Out of all of the films that premiered in 2015, I enjoyed  “Mad Max: Fury Road” the most. It’s certainly the best blockbuster in years, I think.

While this film throws you in the midst of the story, it provides just enough context for the story to be enjoyable as well as easy to follow. Sure, there’s a whole world out there to explore, but the narrative is cut down to just the things you need to know. It trusts that the audience is smart enough to figure things out on their on.

The opening scene with Immortal Joe releasing the water on to the masses tells us everything we need to know about the dynamics of the citadel.

The brief flashes of the little girl tell us all we need to know about who Max is.

In regards to Furiosa (Charlize Theron), there are so many little touches that complete her as a character. When she explains to a group of characters that her mother is dead, and they do that gesture. And Furiosa does the gesture herself, trying it out; it speaks so much of the history of the character, and her world as a whole. There has been no place for mourning in her life and certainly no means for her to know about the culture from which she came. That one gesture just says so much.

The film is really daring in that way. It is a big movie filled with small, potent details. Just the way The People Eater, The Bullet Farmer, and Immortal Joe talk to each other builds a pretty strong portrait of how their particular arrangement functions. And there’s just so much to read into all of it. It’s a simple, straightforward film, but it’s not dumb. Blockbusters get a lot of leeway for being dumb as long as they’re fun. Well this is a fun film that also lends itself to many interesting interpretations. It’s just a mad, mad, world and it seems we’ve only gotten a small glimpse of it.

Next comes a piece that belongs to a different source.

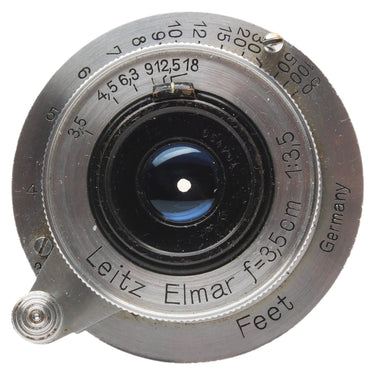 Leica Elmar 3.5cm f3.5 front view with Leitz Elmar engraving, distance scale, and front element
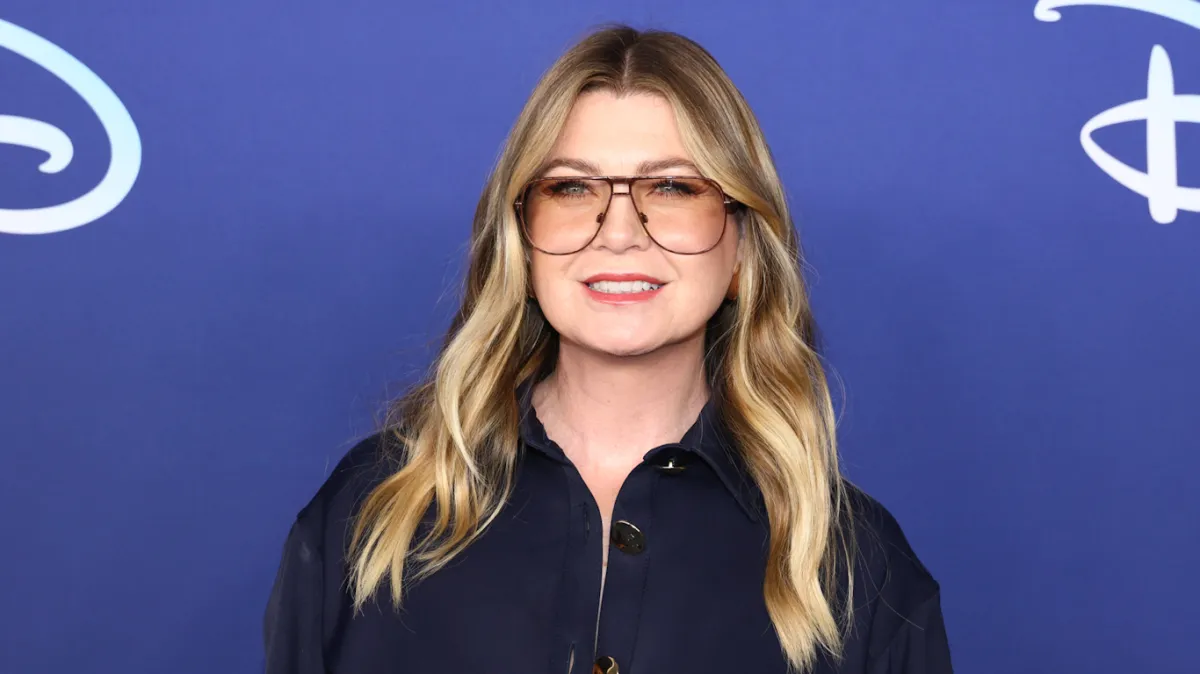 Ellen Pompeo attends the 2022 ABC Disney Upfront at Basketball City - Pier 36 - South Street on May 17, 2022 in New York City, wearing a blue blouse and aviator-style glasses.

The women in this film are incredible and I believed every second of it. Max is physically imposing but as a pure fighter he doesn’t hold a candle to Furiosa. He’s bigger and maybe has her outmanned in hand-to-hand combat, but it’s a realistic result of their size differential. She’s tougher, meaner, handier and a much better shot.

But the film also doesn’t go the bumbling idiot and clear-minded woman who keeps him on the right path route. They help one another. The women aren’t damsels in distress/escort missions and they’re not untouchable. They’re real people in a bad situation.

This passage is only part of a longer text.